O’Canada Food Month / Installment 7
Happy Easter to those that celebrate this holiday. Many Canadians will also be enjoying tomorrow off from work as they observe Easter Monday as a public holiday, a day off that we do not have here in the States. Because today is Easter and given the custom in both countries of giving candy to children on this holiday, for the last day of O’Canada Food Month, I thought I’d highlight popular Canadian candies.
While I’m not a big eater of chocolate or other candy, it’s easy to recognize that among comfort foods candies occupy a special place, especially because they frequently bring us back to memories of childhood. Among the leading confectioners plying their trade in Canada is Cadbury and Nestle, both of which appear to dominate offerings of chocolate candies in Canada. I assume this is because of the country’s longer standing connection to and influence by Europe, where both those companies are based (Cadbury in England; Nestle in Switzerland). By contrast, while Cadbury and Nestle products can be found in the U.S., not surprisingly candies by U.S.-based Mars and Hershey are more common here.
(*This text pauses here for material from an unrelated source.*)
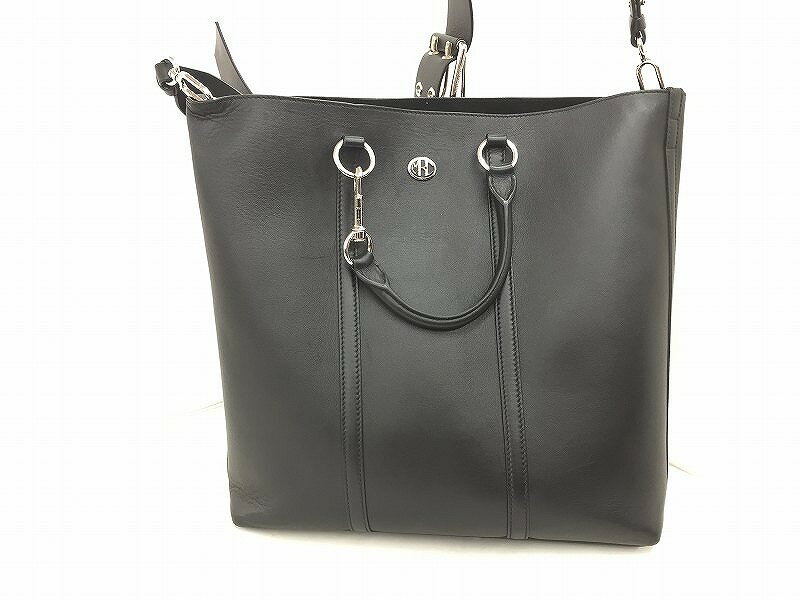 マイケルコース MICHAEL KORS 2WAY トートバッグ ブラッグ 【中古】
There are certainly many candies in common in both places — such as Snickers, Crunch, Kit Kat and Rolo chocolates — but there are quite a few products that can only be found in Canada. These include Smarties chocolates (similar to M&Ms and not to be confused with the tart candy wafers that bear the Smarties name in the U.S.), Coffee Crisp, Aero, Crispy Crunch, Maltesers and Wunderbar. Also worth mentioning are Kinder Eggs, which are hollow chocolate eggs with a toy surprise inside that, while not strictly a Canadian candy, are widely sold there but are oddly banned in the U.S. (due to possible choking hazards among very young children). Here in the States, Necco offers a line of mint candies called Canada Mints, but I’m not sure how popular those are in Canada.